Looking at the NARA article, as soon as I saw that some big IT contract was given to Lockheed Martin I saw all I needed to know about this initiative.
We must save our children's heritage. President Obama obviously hates America and it's legacy, otherwise, why would he be trying to destroy all the paper records? Undoubtedly, he'll claim that his long form birth certificate was destroyed during the digitization effort. It's obviously an Islamic socialist fascist communist ACORN black panther George Soros funded plot of some sort. Also.
Check your premises.
In 1000 years or more, they'll have no idea what we were up to at all. At lease some paper records have a chance of surviving.
Questions worth considering:
What are the savings for going digital? (Without a doubt, they exist; if not, we'd still all be filling out forms in triplicate at work.)
What is the up front cost to convert?
How long will it take the up front cost to be absorbed by the savings?
I suspect that it will pay for itself faster than you might think. Paper records searches are expensive to say the least. And they're extremely personal intensive, not to mention inefficient and error prone.
I realize that there are people out there who will condemn anything this administration does out of hand, but at least try to pretend that you think about things before you make a judgement.
Check your premises.
Does that include the Declaration of Independence? I suppose it would be much easier to change in digital form...
So, you condemn Obama for things he doesn't do (e.g., reduce costs), then condemn him for doing things (e.g., reducing costs).
Gotcha.
Check your premises.
Remember, this was when Communism tried to invade America, and so to counter it the need for a comprehensive system of records for everyone arose.
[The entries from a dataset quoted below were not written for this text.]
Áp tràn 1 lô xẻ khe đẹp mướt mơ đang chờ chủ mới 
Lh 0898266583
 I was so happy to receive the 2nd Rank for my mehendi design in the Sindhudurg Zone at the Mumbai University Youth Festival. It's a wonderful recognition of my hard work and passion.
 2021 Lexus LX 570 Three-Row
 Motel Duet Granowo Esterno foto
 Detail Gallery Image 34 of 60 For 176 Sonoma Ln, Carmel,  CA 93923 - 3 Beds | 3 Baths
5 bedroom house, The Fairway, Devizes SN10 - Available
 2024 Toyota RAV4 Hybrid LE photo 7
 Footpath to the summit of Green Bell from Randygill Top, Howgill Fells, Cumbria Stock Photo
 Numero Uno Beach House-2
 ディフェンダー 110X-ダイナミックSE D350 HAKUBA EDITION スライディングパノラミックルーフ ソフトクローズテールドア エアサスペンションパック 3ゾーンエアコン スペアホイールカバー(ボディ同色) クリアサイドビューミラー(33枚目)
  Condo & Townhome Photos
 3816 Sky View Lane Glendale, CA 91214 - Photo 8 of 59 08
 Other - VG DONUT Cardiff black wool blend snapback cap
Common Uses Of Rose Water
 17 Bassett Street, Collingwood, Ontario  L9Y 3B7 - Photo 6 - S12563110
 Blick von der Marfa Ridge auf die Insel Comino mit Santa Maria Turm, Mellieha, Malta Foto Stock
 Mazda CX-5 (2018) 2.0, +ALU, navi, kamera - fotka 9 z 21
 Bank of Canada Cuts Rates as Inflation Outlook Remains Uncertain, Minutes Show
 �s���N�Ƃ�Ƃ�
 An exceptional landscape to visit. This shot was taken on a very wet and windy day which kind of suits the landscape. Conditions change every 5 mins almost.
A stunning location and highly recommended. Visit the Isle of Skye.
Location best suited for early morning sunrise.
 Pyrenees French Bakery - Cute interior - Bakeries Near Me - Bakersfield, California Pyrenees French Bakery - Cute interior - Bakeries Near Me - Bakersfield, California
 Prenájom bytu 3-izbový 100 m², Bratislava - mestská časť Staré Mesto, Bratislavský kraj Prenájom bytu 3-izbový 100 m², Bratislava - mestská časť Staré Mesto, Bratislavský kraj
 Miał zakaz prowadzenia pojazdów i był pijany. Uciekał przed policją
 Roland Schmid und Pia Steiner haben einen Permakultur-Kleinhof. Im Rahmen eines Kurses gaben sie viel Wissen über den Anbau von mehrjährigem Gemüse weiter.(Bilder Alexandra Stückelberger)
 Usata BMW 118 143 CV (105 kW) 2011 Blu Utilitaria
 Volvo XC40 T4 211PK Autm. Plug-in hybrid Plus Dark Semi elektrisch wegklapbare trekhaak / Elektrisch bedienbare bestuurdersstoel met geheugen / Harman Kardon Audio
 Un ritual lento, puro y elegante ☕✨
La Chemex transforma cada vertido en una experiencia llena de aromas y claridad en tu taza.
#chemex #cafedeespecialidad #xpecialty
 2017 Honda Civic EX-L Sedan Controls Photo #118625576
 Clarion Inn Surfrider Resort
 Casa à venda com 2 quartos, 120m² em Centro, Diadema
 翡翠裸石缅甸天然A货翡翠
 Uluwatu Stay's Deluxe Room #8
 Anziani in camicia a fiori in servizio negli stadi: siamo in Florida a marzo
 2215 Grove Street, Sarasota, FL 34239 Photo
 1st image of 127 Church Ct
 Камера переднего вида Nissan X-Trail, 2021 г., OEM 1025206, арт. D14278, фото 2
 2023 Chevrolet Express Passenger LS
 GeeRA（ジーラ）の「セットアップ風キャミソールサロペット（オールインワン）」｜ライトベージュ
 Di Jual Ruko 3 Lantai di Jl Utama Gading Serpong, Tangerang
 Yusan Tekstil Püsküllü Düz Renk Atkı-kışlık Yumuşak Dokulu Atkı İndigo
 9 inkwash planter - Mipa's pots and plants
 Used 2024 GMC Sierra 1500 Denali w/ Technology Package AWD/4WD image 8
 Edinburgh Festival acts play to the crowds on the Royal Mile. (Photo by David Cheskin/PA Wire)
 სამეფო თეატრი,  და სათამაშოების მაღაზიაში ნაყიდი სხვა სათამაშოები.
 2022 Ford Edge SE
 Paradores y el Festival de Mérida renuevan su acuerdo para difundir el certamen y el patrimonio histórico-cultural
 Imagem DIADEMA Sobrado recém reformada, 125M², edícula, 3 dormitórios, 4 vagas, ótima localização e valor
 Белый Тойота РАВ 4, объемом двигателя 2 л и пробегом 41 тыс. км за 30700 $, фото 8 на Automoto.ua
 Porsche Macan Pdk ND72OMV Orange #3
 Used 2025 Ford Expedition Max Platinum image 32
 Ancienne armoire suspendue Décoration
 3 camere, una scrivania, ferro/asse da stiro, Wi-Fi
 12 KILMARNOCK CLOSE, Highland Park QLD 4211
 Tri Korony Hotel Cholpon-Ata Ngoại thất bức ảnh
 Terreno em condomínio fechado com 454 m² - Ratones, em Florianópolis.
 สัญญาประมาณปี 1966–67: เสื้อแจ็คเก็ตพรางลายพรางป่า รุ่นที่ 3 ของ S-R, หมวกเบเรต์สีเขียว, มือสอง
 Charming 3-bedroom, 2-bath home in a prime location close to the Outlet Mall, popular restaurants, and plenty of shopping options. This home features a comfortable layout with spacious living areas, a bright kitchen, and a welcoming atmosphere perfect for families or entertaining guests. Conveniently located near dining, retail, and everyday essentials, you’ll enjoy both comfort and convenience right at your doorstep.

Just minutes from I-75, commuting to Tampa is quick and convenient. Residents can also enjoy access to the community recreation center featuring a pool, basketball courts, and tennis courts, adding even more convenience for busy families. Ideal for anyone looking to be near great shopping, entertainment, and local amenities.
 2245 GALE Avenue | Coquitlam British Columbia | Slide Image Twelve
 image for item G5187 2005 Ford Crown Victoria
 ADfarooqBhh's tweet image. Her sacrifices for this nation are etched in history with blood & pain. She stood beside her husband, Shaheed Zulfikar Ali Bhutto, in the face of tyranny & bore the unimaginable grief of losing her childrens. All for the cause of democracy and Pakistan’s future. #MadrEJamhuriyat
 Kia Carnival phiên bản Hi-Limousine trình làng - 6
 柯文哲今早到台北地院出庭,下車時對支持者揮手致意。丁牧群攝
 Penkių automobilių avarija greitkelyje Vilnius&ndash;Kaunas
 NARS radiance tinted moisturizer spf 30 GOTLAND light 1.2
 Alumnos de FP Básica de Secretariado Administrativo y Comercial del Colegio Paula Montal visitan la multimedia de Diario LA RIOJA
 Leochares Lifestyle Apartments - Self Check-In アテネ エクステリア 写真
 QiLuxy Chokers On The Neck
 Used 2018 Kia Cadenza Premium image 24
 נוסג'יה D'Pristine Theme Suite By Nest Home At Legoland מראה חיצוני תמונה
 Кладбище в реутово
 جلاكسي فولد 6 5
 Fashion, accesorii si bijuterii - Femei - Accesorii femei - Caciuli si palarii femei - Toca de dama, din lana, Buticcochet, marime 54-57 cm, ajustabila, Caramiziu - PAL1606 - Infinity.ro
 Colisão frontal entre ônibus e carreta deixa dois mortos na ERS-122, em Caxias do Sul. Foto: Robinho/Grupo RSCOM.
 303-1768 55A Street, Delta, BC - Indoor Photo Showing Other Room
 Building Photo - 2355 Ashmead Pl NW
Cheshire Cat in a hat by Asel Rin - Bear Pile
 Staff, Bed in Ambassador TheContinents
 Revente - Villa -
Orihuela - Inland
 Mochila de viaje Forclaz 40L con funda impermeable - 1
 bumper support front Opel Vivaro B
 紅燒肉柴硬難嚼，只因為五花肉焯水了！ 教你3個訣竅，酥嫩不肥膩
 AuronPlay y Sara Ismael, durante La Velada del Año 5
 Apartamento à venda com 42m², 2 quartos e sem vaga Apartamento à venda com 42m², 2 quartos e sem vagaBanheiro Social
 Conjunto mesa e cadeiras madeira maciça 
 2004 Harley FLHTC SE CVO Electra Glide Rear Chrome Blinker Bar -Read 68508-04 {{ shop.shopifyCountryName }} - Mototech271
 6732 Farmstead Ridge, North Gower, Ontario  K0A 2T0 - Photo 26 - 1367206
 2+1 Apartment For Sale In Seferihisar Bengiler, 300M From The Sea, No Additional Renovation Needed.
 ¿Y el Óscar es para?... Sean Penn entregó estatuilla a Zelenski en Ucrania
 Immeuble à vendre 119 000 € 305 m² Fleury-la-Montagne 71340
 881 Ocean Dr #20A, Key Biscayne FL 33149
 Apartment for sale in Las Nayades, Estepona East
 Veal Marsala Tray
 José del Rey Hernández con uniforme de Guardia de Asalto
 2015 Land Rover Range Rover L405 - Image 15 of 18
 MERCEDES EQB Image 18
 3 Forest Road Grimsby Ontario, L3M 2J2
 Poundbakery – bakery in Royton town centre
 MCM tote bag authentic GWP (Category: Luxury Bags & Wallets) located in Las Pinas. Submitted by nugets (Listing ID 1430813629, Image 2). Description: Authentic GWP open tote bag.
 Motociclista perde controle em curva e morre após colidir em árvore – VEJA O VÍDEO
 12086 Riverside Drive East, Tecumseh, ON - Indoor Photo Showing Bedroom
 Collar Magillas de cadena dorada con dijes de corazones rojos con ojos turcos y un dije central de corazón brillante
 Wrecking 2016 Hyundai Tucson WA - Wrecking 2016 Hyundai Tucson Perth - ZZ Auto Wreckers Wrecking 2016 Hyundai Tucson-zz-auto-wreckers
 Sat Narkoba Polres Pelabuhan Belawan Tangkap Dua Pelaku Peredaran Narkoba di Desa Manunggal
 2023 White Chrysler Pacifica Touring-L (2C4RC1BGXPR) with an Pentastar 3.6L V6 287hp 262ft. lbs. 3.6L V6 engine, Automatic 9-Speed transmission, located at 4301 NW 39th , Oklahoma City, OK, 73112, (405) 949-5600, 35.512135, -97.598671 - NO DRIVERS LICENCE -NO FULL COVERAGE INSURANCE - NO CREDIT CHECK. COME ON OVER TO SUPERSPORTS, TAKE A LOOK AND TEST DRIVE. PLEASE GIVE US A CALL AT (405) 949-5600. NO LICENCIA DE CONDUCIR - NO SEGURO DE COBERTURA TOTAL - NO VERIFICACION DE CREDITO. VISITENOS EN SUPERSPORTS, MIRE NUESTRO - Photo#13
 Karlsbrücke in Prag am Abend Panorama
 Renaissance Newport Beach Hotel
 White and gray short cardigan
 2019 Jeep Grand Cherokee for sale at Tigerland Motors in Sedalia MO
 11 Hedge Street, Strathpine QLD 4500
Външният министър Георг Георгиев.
You say it like this is a bad thing. What has the downside of Wikileaks been so far?
So there isn't a repeat of this:
http://www.archives.gov/st-louis/military-personnel/fire-1973.html
Sig this!
Is there some complication I don't understand?
Yes. More than one.
Nothing fancy, just a database of scanned forms in pdf format and the like.
There's the first problem. It's never simple.
First issue - if you're going to put documents in, you're going to want to get them out. How do you search for them? You're going to want to define the metadata, and that's a headache. Got lawyers? They'll want client and matter. But those fields are just about meaningless to anyone else. How do you resolve the incompatibility? Do you use different forms for different groups of users? How will the engineering department find the subpoena papers that the lawyers filed?
What fields are globally useful? Are they so generic that any search will retrieve hundreds of documents? Conversely, are they so specific as to make your metadata field selections horribly long and therefore ambiguous? (Free text metadata? Let's not go there.)
Remember that you've got to fill in that metadata any time you add a document. What's the balance between useful and annoying? Too many fields and nobody will want to fill it in. Too few, and you won't be able to find anything.
That's for new documents. When you first implement a DMS, you have a truckload of documents to be imported. You're not going to do it manually, you're going to use an auto-import. But how do you define the metadata for all those millions of documents you're importing? What if you have client/matter, for instance? Hopefully they're all already sorted, and you can use something like Kofax Capture, a seriously powerful and fast scanner, and separator sheets on which you can do forms recognition to define the metadata fields. But there's a lot of work involved up front to get that import working properly.
Don't forget the OCR. Hopefully all your paper documents are clean and will OCR nicely, so you can do full text indexing.
Security. Better get that set up right. Profile level security? It's more secure, but people will complain that they don't know if a document is there and they just need to request access because profile level security means if you don't have permissions to access a document it won't even show up in your search results. Groups. And by the way, remember to define the permissions on all those millions of documents you're importing.
Version control. How do you control check in and check out? Do you control check in and check out, or just audit it?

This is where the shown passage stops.